25 de octubre de 2022
Lucas 6, 37-45
En aquel tiempo dijo el Señor: No juzguéis, y no seréis
juzgados; no condenéis, y no seréis condenados; perdona y serás perdonado; dad
y se os dará; una medida buena, apretada, remecida, rebosante pondrán en el
halda de vuestros vestidos, porque con la medida con la que midas, serás
medido. Y también les dijo una parábola: ¿Puede un ciego guiar a otro ciego?
¿No caerán ambos en el hoyo? No está el discípulo sobre su maestro, si bien,
cuando termine su aprendizaje, será como su maestro. ¿Por qué ves la paja en el
ojo de tu hermano, pero no consideras la viga en tu propio ojo? ¿O cómo puedes
decir a tu hermano: Hermano, déjame sacarte la astilla de tu ojo, cuando no ves
la viga que está en tu propio ojo? Hipócrita, primero saca la viga de tu propio
ojo y entonces verás para sacar la paja del ojo de tu hermano. Porque no hay
árbol bueno que dé frutos malos, ni árbol malo que dé frutos buenos. Porque
todo árbol se conoce por su fruto. No se recogen higos de las zarzas, ni uvas
de los espinos. El hombre bueno, del buen tesoro de su corazón saca buenas
cosas, y el hombre malo, del mal tesoro de su corazón saca malas cosas. Porque
de la abundancia del corazón habla la boca.

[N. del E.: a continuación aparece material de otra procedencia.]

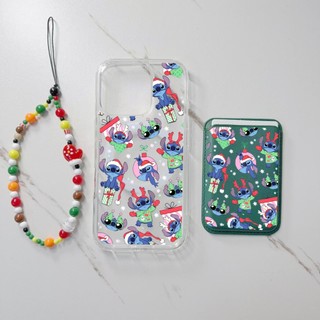 Stitch Cặp Đôi Hoạt Hình Giáng Sinh Vui Vẻ Họa Tiết 3 Miếng Ví Dễ Thương Dành Cho iPhone 15pro 15promax 14 14promax 14pro 16 pro max 16 plus Màu Xanh Đỏ Ví Ốp điện thoại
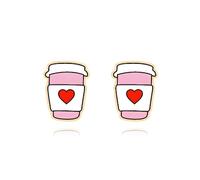 QLUYCKW Sweet Valentine's Day Earrings Cute Tiny Handmade Wooden Love Heart Flower Envelope Lightweight Stud Earrings Cup Bear BE MINE Earrings Wedding Birthday Jewelry for Women, S, Wood, No Gemstone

San Cirilo de Alejandría, Comentario al Evangelio de Lucas,
6; PG 72, 601-604.
«El discípulo aventajado será como su maestro» (Lc 6,40).
El discípulo no es más que su maestro, si bien cuando
termine su aprendizaje, será como su maestro» Los bienaventurados discípulos
estaban destinados a ser guías y maestros espirituales de toda la tierra.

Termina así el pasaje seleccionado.